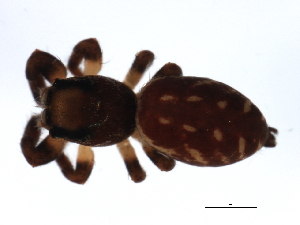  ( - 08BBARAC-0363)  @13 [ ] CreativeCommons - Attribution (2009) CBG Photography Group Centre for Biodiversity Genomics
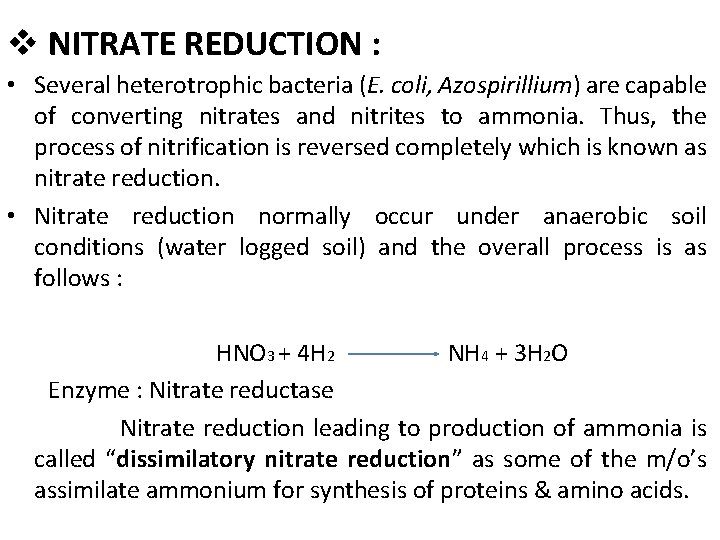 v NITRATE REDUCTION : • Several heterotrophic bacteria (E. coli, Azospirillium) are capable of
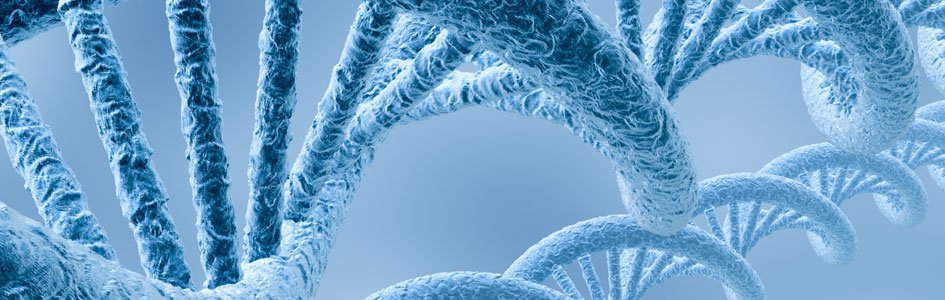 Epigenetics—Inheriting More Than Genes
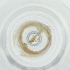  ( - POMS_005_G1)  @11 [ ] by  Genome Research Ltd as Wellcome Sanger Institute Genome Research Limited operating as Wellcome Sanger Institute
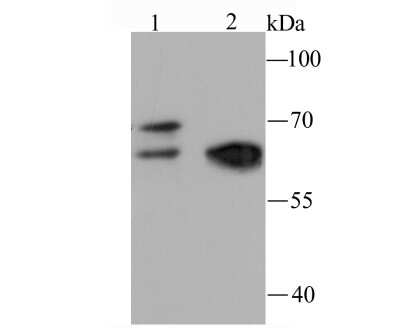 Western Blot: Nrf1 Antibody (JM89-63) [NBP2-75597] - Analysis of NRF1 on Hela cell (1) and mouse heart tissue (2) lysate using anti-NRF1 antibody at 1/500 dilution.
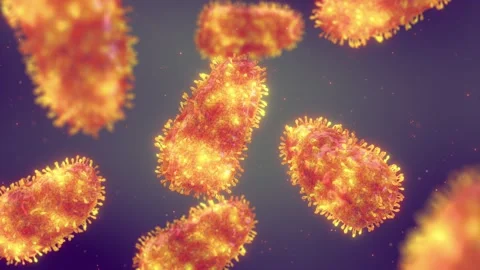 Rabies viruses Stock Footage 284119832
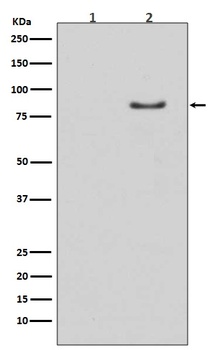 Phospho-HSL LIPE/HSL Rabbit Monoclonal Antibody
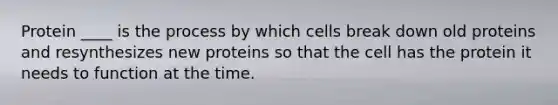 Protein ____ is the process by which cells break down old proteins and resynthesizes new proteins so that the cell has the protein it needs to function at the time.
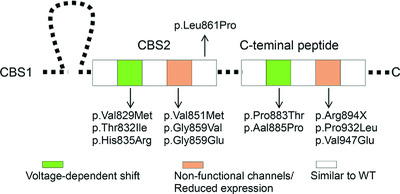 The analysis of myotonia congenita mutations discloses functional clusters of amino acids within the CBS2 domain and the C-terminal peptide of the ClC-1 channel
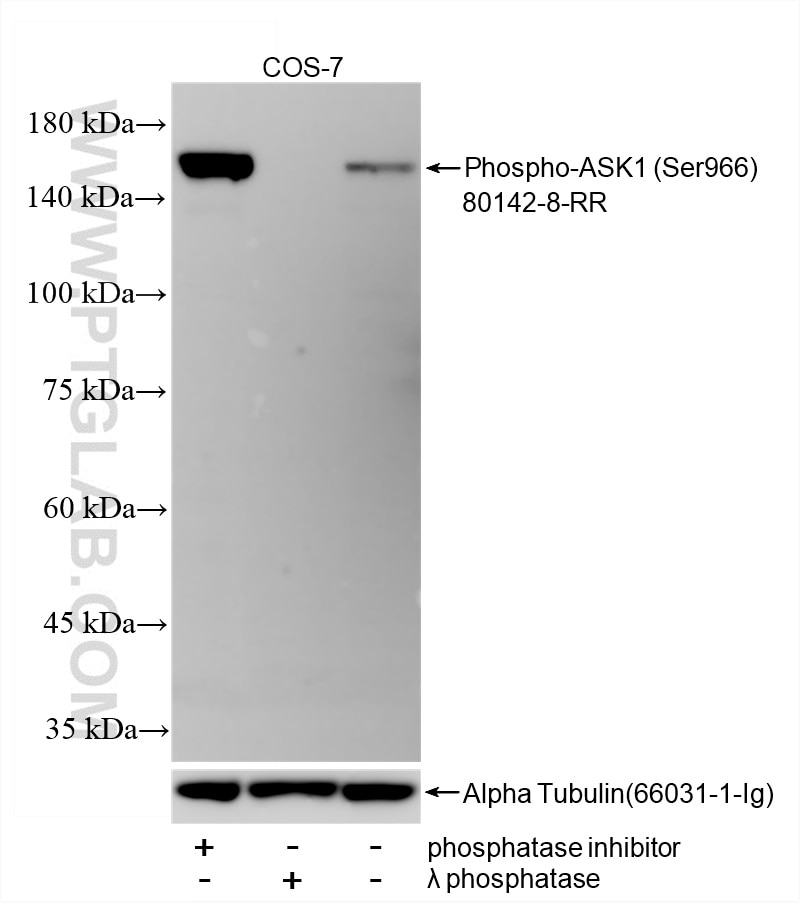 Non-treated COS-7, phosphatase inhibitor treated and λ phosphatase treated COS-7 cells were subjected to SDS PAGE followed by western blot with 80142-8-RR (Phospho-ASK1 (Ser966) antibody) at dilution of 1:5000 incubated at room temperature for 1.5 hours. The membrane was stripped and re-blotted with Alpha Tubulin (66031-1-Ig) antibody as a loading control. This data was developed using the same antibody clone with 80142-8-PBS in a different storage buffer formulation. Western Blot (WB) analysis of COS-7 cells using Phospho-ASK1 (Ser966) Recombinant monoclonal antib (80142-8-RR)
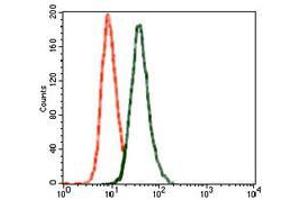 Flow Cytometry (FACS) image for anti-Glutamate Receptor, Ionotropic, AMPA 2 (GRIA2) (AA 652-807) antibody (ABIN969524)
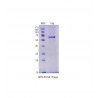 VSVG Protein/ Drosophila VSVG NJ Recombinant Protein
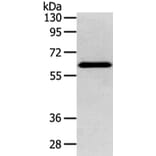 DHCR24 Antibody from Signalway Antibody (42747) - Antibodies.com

□ □ □ □ □ □ □

- [Task objective]:
With pictures excluded, the data must be transcribed in full and to the letter.

- [Solved exercise]:
  ( - 08BBARAC-0363)  @13 [ ] CreativeCommons - Attribution (2009) CBG Photography Group Centre for Biodiversity Genomics
 v NITRATE REDUCTION : • Several heterotrophic bacteria (E. coli, Azospirillium) are capable of
 Epigenetics—Inheriting More Than Genes
  ( - POMS_005_G1)  @11 [ ] by  Genome Research Ltd as Wellcome Sanger Institute Genome Research Limited operating as Wellcome Sanger Institute
 Western Blot: Nrf1 Antibody (JM89-63) [NBP2-75597] - Analysis of NRF1 on Hela cell (1) and mouse heart tissue (2) lysate using anti-NRF1 antibody at 1/500 dilution.
 Rabies viruses Stock Footage 284119832
 Phospho-HSL LIPE/HSL Rabbit Monoclonal Antibody
 Protein ____ is the process by which cells break down old proteins and resynthesizes new proteins so that the cell has the protein it needs to function at the time.
 The analysis of myotonia congenita mutations discloses functional clusters of amino acids within the CBS2 domain and the C-terminal peptide of the ClC-1 channel
 Non-treated COS-7, phosphatase inhibitor treated and λ phosphatase treated COS-7 cells were subjected to SDS PAGE followed by western blot with 80142-8-RR (Phospho-ASK1 (Ser966) antibody) at dilution of 1:5000 incubated at room temperature for 1.5 hours. The membrane was stripped and re-blotted with Alpha Tubulin (66031-1-Ig) antibody as a loading control. This data was developed using the same antibody clone with 80142-8-PBS in a different storage buffer formulation. Western Blot (WB) analysis of COS-7 cells using Phospho-ASK1 (Ser966) Recombinant monoclonal antib (80142-8-RR)
 Flow Cytometry (FACS) image for anti-Glutamate Receptor, Ionotropic, AMPA 2 (GRIA2) (AA 652-807) antibody (ABIN969524)
 VSVG Protein/ Drosophila VSVG NJ Recombinant Protein
 DHCR24 Antibody from Signalway Antibody (42747) - Antibodies.com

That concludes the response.